About 60 miles north of Boston, MA lies one of the nation’s oldest cities, Portsmouth, NH. The seaport community was established in 1623 and now has a population of around 21,000 people. As Portsmouth is a popular tourist destination, this population greatly fluctuates over the summer months when the city hosts a bevy of seasonal festivals and vacation rentals peak. Watching over the 16.8 square miles of Portsmouth is the combined effort of the Portsmouth Police Department and the Seacoast Emergency Response Team (SERT). When Robert Merner became the new Chief of Police in 2017 he also ushered in a new program to assist his police force, the Unmanned Aircraft System (sUAS) unit.
The Portsmouth Police department has over 100 employees, 68 full time and 27 part time officers, along with civilian support staff members. After seeing the logistical difficulties of protecting some of the many events hosted in the city, Chief Merner realized his officers could use some help. The 2017 Halloween parade had around 10,000 attendees. The police department had officers posted on roof tops and set up a scissor jack tower to watch over the event, but it was still not an ideal situation. The parade convinced him that a drone would be a welcome addition to the team, so an application to the state was presented shortly afterwards. “Given the traffic of people on foot, on multiple streets, the agility and capability of a drone before and during an event such as this would have provided significantly more protection capabilities to command staff,” the application stated. “A drone has high resolution, real-time video and recording capabilities that provide a 400 ft+high/3-mile view that can be used to detect suspects and threats. This technology would vastly improve protection at Seacoast events, SERT call-outs, and protection of critical infrastructure.”

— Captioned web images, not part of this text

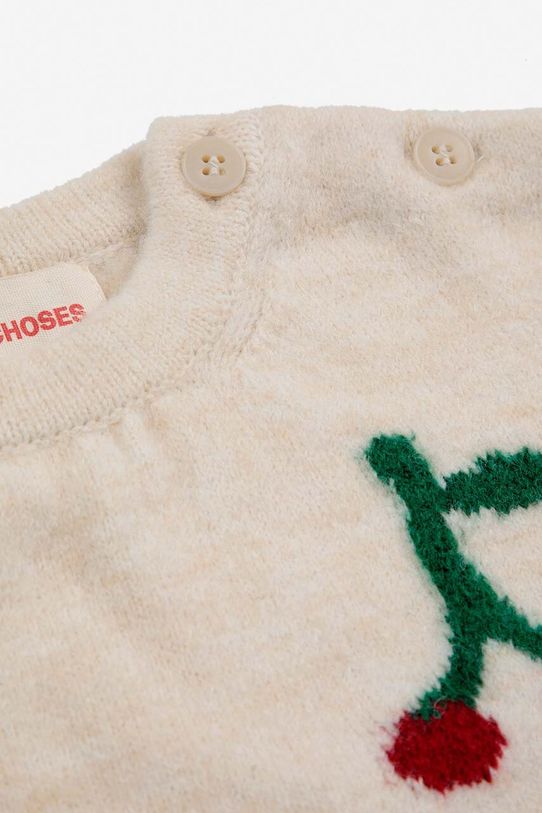 Dziewczynka Bobo Choses sweter z domieszką wełny niemowlęcy Cherry 224AB091 beżowy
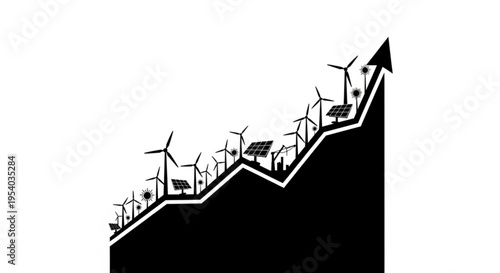 A black and white vector graphic illustration of a graph with wind turbines and solar panels on a rising line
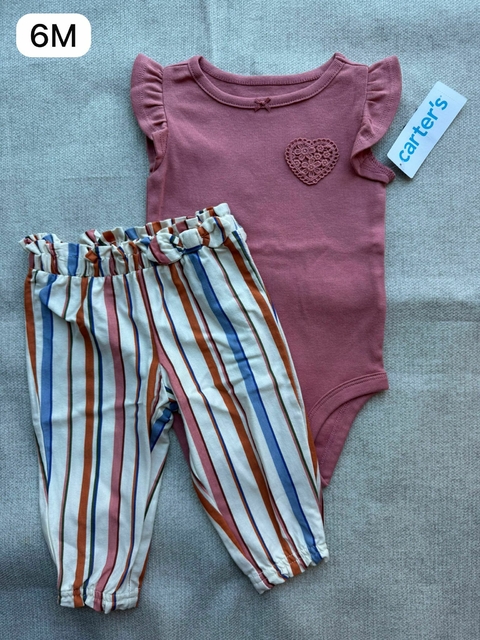 Conjunto body rose com calça - 6m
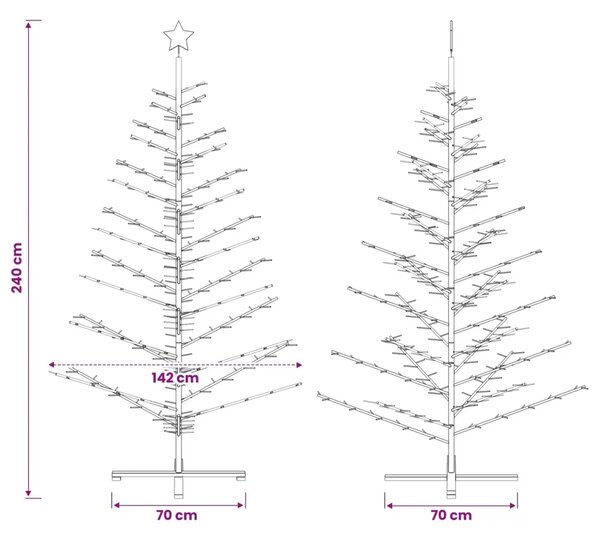 Drveno božićno drvce 240 cm Bambus i masivna borovina Smeđa - 240 cm Smeđa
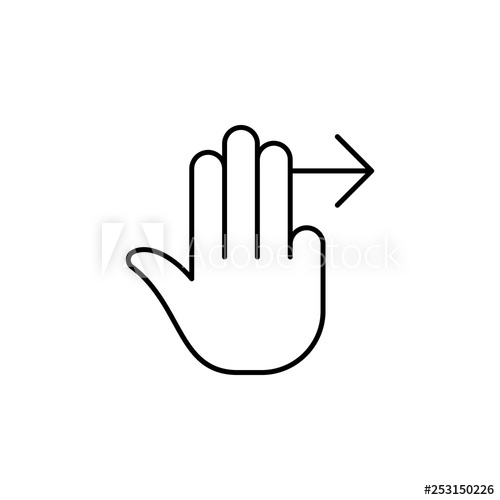 500x500 Three Finger Swipe Right Gesture Outline Icon Signs And Symbols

The Portsmouth Police Department was awarded a $69,638 federal grant to pursue a drone program, contingent of approval by Portsmouth and New Hampshire officials. The drones purchased would be utilized by the Portsmouth Police Department, other city departments like fire and rescue, and the 14 surrounding communities serviced by SERT. While awaiting approval for funding, the Portsmouth Police Department had an opportunity to test out how a drone can help their proceedings. Neighboring county
Strafford volunteered their drone program to help search for a person believed to be missing in the woods. The drone allowed the search team to undertake a wider search area in a record amount of time.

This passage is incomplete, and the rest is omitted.